Les larves qui ont été collectées sur les oignons endommagés ont été moins nombreuses qu’attendu. Parmi les larves issues des champs commerciaux de la Nouvelle-Écosse en 2017, trois appartenaient aux espèces D. platura ou D. florilega et une, à D. antiqua. En 2018, aucune larve n’a été collectée dans les champs de cette province. Les plus grands nombres de larves collectées provenaient de la Station de recherche sur la culture de terres noires, soit 271 larves de D. antiqua. Aucune larve Delia n’a été trouvée aux sites de Harrow et des alentours.

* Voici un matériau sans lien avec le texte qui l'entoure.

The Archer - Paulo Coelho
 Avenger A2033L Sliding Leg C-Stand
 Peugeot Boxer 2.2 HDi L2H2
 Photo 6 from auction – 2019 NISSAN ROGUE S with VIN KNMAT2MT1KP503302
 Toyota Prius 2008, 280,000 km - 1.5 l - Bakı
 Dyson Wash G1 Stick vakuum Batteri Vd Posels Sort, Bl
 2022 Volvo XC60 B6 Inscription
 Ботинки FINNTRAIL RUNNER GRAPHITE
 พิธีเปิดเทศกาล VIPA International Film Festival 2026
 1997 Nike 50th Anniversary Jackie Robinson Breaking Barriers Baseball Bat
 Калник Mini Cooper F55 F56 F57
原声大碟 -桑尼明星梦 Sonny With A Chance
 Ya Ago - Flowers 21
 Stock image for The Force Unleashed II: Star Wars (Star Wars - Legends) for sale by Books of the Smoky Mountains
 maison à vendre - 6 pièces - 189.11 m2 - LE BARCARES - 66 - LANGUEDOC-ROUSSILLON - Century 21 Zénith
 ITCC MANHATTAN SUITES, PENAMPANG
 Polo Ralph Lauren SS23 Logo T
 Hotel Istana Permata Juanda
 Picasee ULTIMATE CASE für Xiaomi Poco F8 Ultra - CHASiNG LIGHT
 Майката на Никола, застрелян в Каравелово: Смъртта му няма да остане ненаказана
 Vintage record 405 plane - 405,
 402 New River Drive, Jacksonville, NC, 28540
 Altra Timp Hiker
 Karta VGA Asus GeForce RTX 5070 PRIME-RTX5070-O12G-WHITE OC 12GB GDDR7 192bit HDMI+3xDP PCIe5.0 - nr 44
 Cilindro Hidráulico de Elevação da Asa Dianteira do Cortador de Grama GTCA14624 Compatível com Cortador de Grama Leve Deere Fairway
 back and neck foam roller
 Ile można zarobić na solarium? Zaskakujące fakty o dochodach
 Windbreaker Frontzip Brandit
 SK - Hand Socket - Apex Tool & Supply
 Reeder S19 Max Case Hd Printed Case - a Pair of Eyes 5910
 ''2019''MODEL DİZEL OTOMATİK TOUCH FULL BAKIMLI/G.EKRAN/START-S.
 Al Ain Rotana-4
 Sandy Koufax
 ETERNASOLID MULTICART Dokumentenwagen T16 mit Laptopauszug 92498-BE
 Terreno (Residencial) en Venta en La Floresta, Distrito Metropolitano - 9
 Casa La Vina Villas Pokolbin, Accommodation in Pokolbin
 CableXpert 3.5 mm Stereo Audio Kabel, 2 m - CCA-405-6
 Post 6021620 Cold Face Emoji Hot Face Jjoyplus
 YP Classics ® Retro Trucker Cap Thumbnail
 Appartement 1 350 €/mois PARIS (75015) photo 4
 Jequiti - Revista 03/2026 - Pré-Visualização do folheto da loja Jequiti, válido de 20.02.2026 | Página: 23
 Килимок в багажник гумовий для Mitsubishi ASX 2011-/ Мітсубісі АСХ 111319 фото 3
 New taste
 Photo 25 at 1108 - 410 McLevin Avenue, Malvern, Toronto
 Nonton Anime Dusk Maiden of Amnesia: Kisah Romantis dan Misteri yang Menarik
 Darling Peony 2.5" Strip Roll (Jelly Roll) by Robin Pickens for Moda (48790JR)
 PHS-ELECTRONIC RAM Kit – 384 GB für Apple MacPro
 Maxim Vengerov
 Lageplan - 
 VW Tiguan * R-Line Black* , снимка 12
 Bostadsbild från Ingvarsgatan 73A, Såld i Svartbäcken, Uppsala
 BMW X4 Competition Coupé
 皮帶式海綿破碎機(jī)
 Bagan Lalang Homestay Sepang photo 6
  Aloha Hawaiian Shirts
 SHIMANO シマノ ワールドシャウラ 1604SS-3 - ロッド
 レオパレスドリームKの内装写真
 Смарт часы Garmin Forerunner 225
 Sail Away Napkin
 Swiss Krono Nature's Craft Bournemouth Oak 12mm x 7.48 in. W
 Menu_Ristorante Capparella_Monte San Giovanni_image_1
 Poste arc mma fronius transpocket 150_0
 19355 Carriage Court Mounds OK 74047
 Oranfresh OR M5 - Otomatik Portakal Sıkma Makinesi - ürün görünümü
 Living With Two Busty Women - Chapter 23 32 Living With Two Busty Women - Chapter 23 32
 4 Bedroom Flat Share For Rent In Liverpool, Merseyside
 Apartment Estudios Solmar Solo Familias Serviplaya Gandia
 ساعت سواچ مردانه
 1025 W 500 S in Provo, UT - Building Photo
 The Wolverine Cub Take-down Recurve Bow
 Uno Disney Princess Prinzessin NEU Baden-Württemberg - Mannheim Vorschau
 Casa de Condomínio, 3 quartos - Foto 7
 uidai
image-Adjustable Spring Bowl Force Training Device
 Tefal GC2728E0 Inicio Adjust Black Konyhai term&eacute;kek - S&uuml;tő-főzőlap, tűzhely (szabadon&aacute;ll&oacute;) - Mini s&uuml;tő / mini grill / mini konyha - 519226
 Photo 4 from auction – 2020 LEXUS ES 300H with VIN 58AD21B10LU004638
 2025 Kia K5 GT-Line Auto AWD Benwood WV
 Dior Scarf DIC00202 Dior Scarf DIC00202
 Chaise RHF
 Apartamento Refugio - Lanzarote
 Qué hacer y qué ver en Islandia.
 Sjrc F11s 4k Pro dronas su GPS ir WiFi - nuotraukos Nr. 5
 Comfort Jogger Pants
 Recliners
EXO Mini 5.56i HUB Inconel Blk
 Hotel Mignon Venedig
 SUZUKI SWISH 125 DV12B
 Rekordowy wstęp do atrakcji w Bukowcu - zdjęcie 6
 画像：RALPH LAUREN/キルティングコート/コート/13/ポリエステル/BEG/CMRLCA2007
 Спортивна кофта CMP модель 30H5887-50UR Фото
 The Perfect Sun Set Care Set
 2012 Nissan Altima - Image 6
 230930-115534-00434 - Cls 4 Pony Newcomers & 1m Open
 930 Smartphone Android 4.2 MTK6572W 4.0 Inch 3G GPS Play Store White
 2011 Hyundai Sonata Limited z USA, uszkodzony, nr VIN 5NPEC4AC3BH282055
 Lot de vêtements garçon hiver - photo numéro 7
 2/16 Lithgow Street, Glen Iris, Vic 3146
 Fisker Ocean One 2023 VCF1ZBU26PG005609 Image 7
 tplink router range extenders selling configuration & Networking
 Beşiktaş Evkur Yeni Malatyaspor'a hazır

Les données d’expériences en serre sur D. antiqua ont été analysées et suggèrent fortement que cette espèce peut causer d’importants ravages aux oignons. Les plantes qui sont attaquées au début de leur croissance seront tuées, alors que celles qui sont attaquées à un stade plus avancé pourront récupérer et continuer de se développer. D. antiqua a pu compléter son cycle de vie sur l’oignon, contrairement à D. platura. D. antiqua a préféré pondre sur un oignon en post germination. Une seule femelle pondrait en moyenne, 12 et 16 œufs. D. platura a pondu uniquement sur des plants rendus au stade de la 5 à la 7e vraie feuille, et le nombre d’œufs pondus était très faible, soit moins d’un œuf par plant. Ces résultats démontrent, en combinaison avec le faible nombre de larves de D. platura collectées au champ, que l’oignon n’est pas un hôte qui convient aux larves de D. platura et qu’il n’est pas non plus le site d’oviposition préféré des mouches adultes. Les résultats portent aussi à croire que l’incapacité de distinguer D. platura de D. antiqua sur les pièges de surveillance pourrait grandement surestimer les populations qui causent des dégâts dans les champs d’oignons.
Une méthode d’analyse moléculaire (PCR-RFLP) a été mise au point et mise à l’essai pour l’identification des espèces de Delia trouvées dans les champs d’oignon. Les épreuves de validation ont démontré une efficacité de 100 %. Cette méthode est plus rapide, plus efficace et plus économique que la technique du codage moléculaire standard par codes à barres tout en nécessitant moins de temps et d’expertise taxonomique qu’une identification morphologique.
Conclusion
Les résultats du présent projet suggèrent que bien que la mouche des semis (D. platura) compte les populations les plus nombreuses d’adultes volant dans les champs d’oignon et capturés sur les pièges collants bleus, elle ne cause pas de dommages économiques. Même dans les régions où les comptages de D. platura sont élevés, les larves collectées à ces endroits étaient surtout de la mouche de l’oignon. Les expériences en serre ont confirmé que l’oignon n’est pas une culture qui convient à D. platura pour compléter son cycle de développement.
Même si les nombres d’oignons endommagés par les mouches n’étaient pas anormaux, les résultats du projet indiquent que les larves ne causent pas autant de dommages que ce que l’on croyait auparavant. Il vaudrait peut-être la peine de revoir la méthode d’échantillonnage des adultes pour s’assurer qu’elle permet de quantifier précisément les larves présentes dans les champs. D'autres recherches visant à développer des pièges — notamment avec ajout de phéromones ou d’autres produits qui attirent les mouches du genre Delia dommageables aux oignons — pourraient améliorer cette méthode comme outil d’aide à la décision. Dans l’avenir, des projets pourraient également piloter un réseau d’identification qui se servirait de la nouvelle méthode d’identification PCR-RFLP. Par ailleurs, il faudrait faire d’autres études pour déterminer les fluctuations de populations d’une année à l’autre et en quoi les changements climatiques impacteront ces espèces afin d’adapter les stratégies de lutte intégrée en conséquence.